▶ WHAT THE TASK ASKS:
Repeat the listing exactly as given, omitting every image.
*** RECORDS FOR THE TASK Section Begins ***
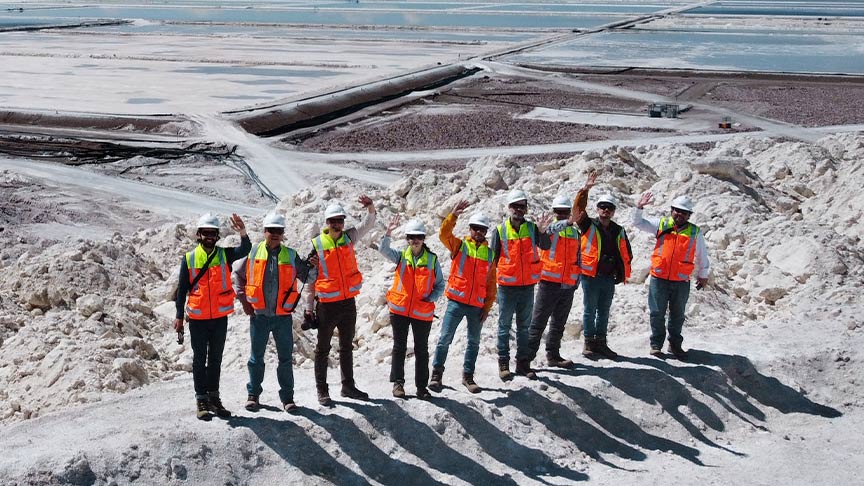 A group of people in protective clothing standing in front of a vast salt flat with evaporation ponds in a mountainous area.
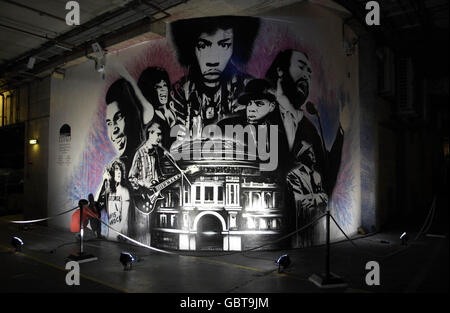 A graffiti artist puts the finishing touches to a piece of work on the walls of the loading bay of the Royal Albert Hall in London, which will make up part of the exhibition 'Load'. Stock Photo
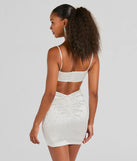 Revamp your 2025 wardrobe with this chic addition, the Shine Bright Babe V-Neck Rhinestone Satin Mini Dress in white, perfect for elevating your style in the new year.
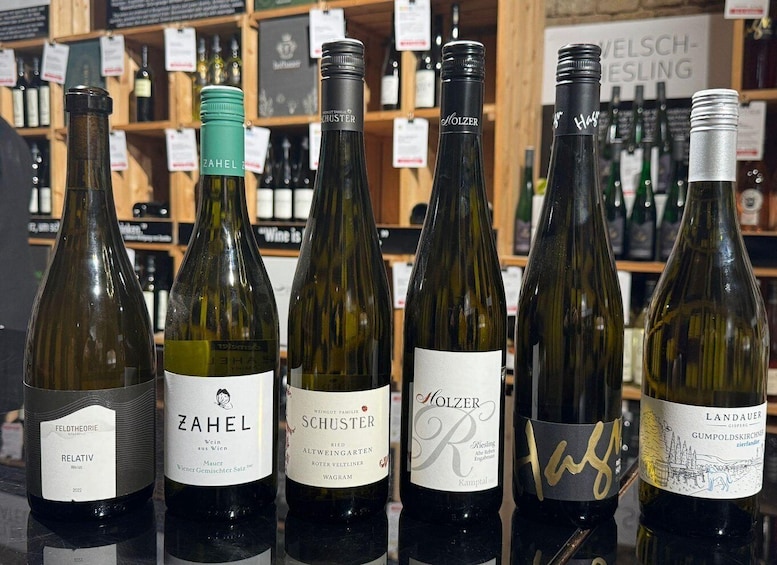 A selection of wine bottles on a shelf in a store. 3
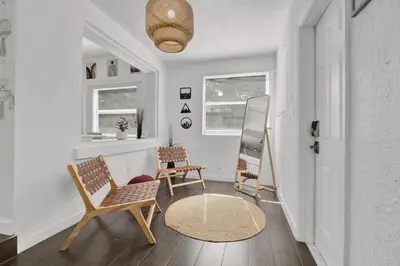 a living room with two chairs and a table at Dos Casitas Design District #1 - 3 Bedroom House in Miami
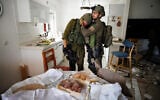 Des soldats de l'unité Lotar pleurant à la vue de la maison du kibboutz Kfar Aza qui avait encore le challah du repas familial de Shabbat de la veille sur la table lorsqu'elle a été attaquée par des terroristes du Hamas le 7 octobre,  le 10 octobre 2023. (Crédit : Ziv Koren/Polaris)
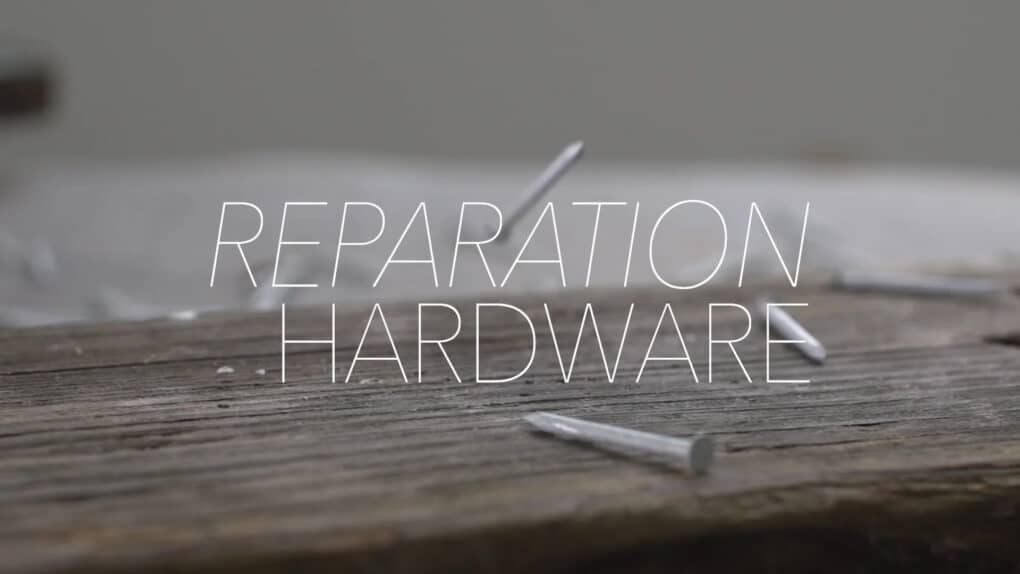 A title frame from a short film, showing the words Reparation Hardware over a close-up of nails falling on a board.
*** RECORDS FOR THE TASK Section Ends ***
▶ ANSWER TO THIS EXERCISE:
 A group of people in protective clothing standing in front of a vast salt flat with evaporation ponds in a mountainous area.
 A graffiti artist puts the finishing touches to a piece of work on the walls of the loading bay of the Royal Albert Hall in London, which will make up part of the exhibition 'Load'. Stock Photo
 Revamp your 2025 wardrobe with this chic addition, the Shine Bright Babe V-Neck Rhinestone Satin Mini Dress in white, perfect for elevating your style in the new year.
 A selection of wine bottles on a shelf in a store. 3
 a living room with two chairs and a table at Dos Casitas Design District #1 - 3 Bedroom House in Miami
 Des soldats de l'unité Lotar pleurant à la vue de la maison du kibboutz Kfar Aza qui avait encore le challah du repas familial de Shabbat de la veille sur la table lorsqu'elle a été attaquée par des terroristes du Hamas le 7 octobre,  le 10 octobre 2023. (Crédit : Ziv Koren/Polaris)
 A title frame from a short film, showing the words Reparation Hardware over a close-up of nails falling on a board.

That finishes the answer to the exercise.